An Act to amend the Sentencing Act 1997

[Royal Assent 19 September 2001]

Be it enacted by His Excellency the Governor of Tasmania, by and with the advice and consent of the Legislative Council and House of Assembly, in Parliament assembled, as follows:

1.   Short title

This Act may be cited as the Sentencing Amendment Act 2001 .

2.   Commencement

This Act commences on the day on which this Act receives the Royal Assent.

3.   Principal Act

In this Act, the Sentencing Act 1997 is referred to as the Principal Act.
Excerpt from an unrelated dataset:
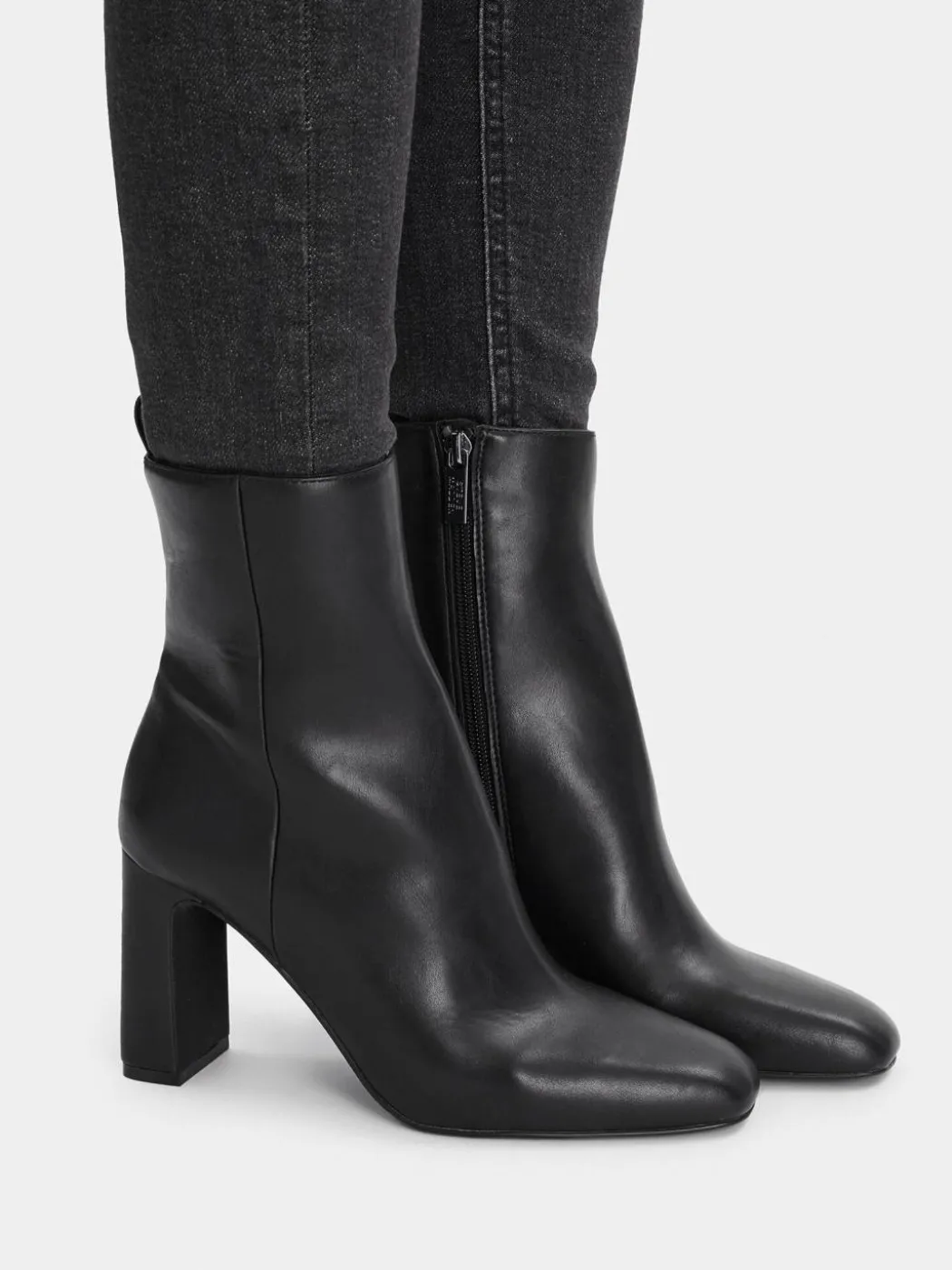 Stivaletti Adelisa SM11002626 Nero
4.    Section 36A inserted

After section 36 of the Principal Act , the following section is inserted in Part 4:

36A.   Offender discharging order is taken to be Crown employee for certain purposes

(1)  An offender discharging a community service order is, for the purposes of the Workers Rehabilitation and Compensation Act 1988 , taken to be a worker employed by the Crown and being paid at the greater of the following rates:
(a) a rate equal to the basic salary within the meaning of that Act;
(b) the rate of the offender's normal weekly earnings, if any, within the meaning of section 69 of that Act.
(2)  An offender is taken to be discharging a community service order for the purposes of this section if he or she is –
(a) performing a required activity; or
(b) making a required journey.
(3)  For subsection (2)(a) , an offender is taken to be performing a required activity if he or she is –
(a) reporting to the offender's probation officer or supervisor for the purposes of the order; or
(b) doing community service in accordance with the order; or
(c) attending an educational, rehabilitation or other program in accordance with the order; or
(d) doing something else at the request or direction of, or with the express or implied authority of, the offender's probation officer or supervisor.
(4)  For subsection (2)(b)  –
(a) a required journey is a journey made for the purposes of, or in connection with, a required activity; but
(b) a journey is not taken to be a required journey by reason only of the fact that it is for the purpose of enabling an offender to travel –
(i) from his or her place of residence to the place at which he or she is required to perform a required activity; or
(ii) from the place at which he or she is required to perform a required activity to his or her place of residence.